We got a hop-on hop-off bus tour, with buses that come along every ten minutes, and had a guided walking tour which gave us a potted history of the city and the buildings. I loved walking round on the top of the wall which goes around about half of the city, giving good views of all of it, and is easier than threading the way through the town. All the streets are higgledy piggledy, which means I get lost easily.
We went to a cold war bunker which was fascinating. Built in 1961 and decommissioned in 1991. For those years a 120-strong volunteer force of the Royal Observer Corps (ROC) rehearsed and trained for the possibility of a nuclear attack, in which case the first 60 volunteers would get in, along with a couple of engineers who would be coerced in. They would man the bunker for 30 days, taking it in turns to run outside every eight hours to change the light sensitive apparatus showing how far away the blast was, how hot it was, and how much radioactive fallout was around.
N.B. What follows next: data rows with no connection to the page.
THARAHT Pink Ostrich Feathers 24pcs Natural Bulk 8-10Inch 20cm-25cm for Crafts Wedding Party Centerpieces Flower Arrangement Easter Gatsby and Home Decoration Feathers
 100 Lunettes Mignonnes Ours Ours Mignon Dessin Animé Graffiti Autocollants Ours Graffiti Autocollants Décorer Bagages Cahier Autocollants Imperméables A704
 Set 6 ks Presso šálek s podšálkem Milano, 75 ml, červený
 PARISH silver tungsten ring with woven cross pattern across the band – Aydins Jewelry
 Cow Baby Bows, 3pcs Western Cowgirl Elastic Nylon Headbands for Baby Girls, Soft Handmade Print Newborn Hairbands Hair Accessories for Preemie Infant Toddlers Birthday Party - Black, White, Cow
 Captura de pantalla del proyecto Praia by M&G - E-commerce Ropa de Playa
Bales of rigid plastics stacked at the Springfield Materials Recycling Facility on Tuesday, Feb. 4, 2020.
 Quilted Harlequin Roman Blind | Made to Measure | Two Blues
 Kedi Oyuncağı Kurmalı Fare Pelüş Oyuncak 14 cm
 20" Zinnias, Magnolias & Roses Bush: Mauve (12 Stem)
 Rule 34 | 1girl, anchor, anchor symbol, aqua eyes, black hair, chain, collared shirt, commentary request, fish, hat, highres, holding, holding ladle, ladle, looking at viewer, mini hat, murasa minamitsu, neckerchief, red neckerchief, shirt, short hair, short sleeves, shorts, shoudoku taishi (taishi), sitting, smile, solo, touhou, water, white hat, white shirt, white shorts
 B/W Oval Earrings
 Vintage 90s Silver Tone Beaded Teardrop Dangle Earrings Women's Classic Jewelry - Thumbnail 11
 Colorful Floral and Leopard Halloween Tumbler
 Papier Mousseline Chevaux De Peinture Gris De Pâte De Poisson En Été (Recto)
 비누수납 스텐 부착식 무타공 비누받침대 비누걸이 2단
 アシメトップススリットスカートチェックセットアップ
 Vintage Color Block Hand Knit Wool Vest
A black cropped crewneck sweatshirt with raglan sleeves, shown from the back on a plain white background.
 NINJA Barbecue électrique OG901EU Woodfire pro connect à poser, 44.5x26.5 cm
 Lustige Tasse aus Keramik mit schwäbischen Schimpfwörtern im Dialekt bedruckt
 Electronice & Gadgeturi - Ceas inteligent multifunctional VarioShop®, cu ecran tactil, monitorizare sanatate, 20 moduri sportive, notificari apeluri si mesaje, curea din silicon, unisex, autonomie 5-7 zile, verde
The information would be passed on to headquarters who would monitor the situation. With limited water supplies the 60 volunteers didn't wash for the 30 days, and ‘hot bedded’ for the duration. Sewage waste was dealt with by blasting it out of the bunker with enough force to blow off the manhole cover in the adjacent carpark, as it was assumed that the main drains may have suffered damage from the bombing. The guide said he had met a few of the ROC volunteers and they all had a rather macabre sense of humour, which is probably not surprising.
The bunker was the last of its kind in the UK and consequently has a grade 1 listing, the same as Stonehenge.